The nation’s oldest Catholic university has initiated a wide range of sweeping reforms in an effort to address racial inequities both on and off campus.
Dr. John J. DeGioia, president of Georgetown University, has called for the creation of an African American studies department and major as well as three new bold initiatives that will include a center for researching racial injustice, a recruitment effort to hire more faculty of color, and the recruitment of a new senior officer to oversee these ambitious initiatives.
“This is the moment to find within each of ourselves, and within our community, the sources of our moral imaginations to determine how we can contribute to responding to this urgent moment in our nation,” DeGioia told dozens of students, faculty and staff who gathered on campus late last week for a planned speech.
Like many predominantly White colleges and universities across the country, Georgetown has long been criticized for its lack of diversity, particularly among its faculty.

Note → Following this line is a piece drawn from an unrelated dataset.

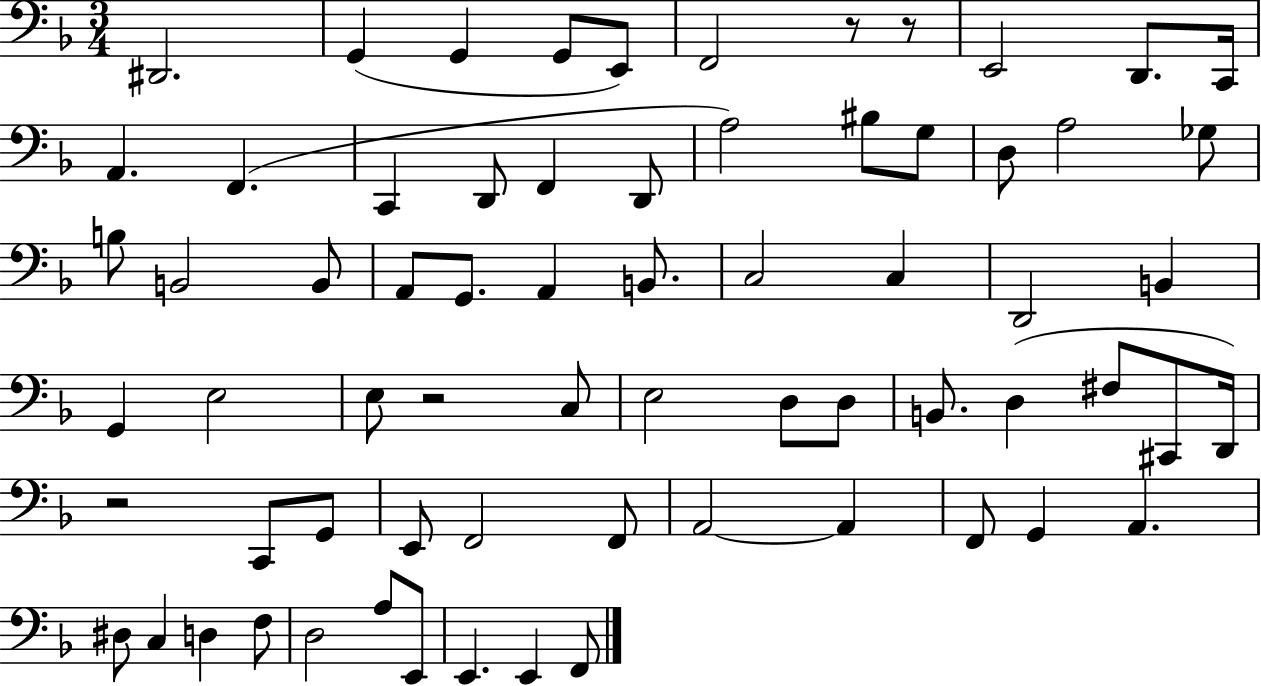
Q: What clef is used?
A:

And though the university now has a handful of prominent African-American faculty like Dr. Michael Eric Dyson, it wasn’t until the early 1980s that the university’s main campus tenured its first Black faculty member.
DeGioia, who is a seasoned administrator and alumnus of the Jesuit university founded in 1789, has made diversity a central part of his presidential legacy over the last few years. The first lay person to lead the historic institution, he has sanctioned a number of dramatic changes aimed at making the university located in the tony Washington, D.C. neighborhood of Georgetown much more inclusive for students of color.
Last month, DeGioia accepted the recommendation of a campus-established committee called the Working Group on Slavery, Memory, and Reconciliation and agreed to strip the names of two past presidents—Fr. Thomas Mulledy and Fr. William McSherry—from university halls. Both Mulledy and McSherry were responsible for the sale of about 272 slaves during the 1800s. The buildings were renamed Freedom Hall and Remembrance Hall.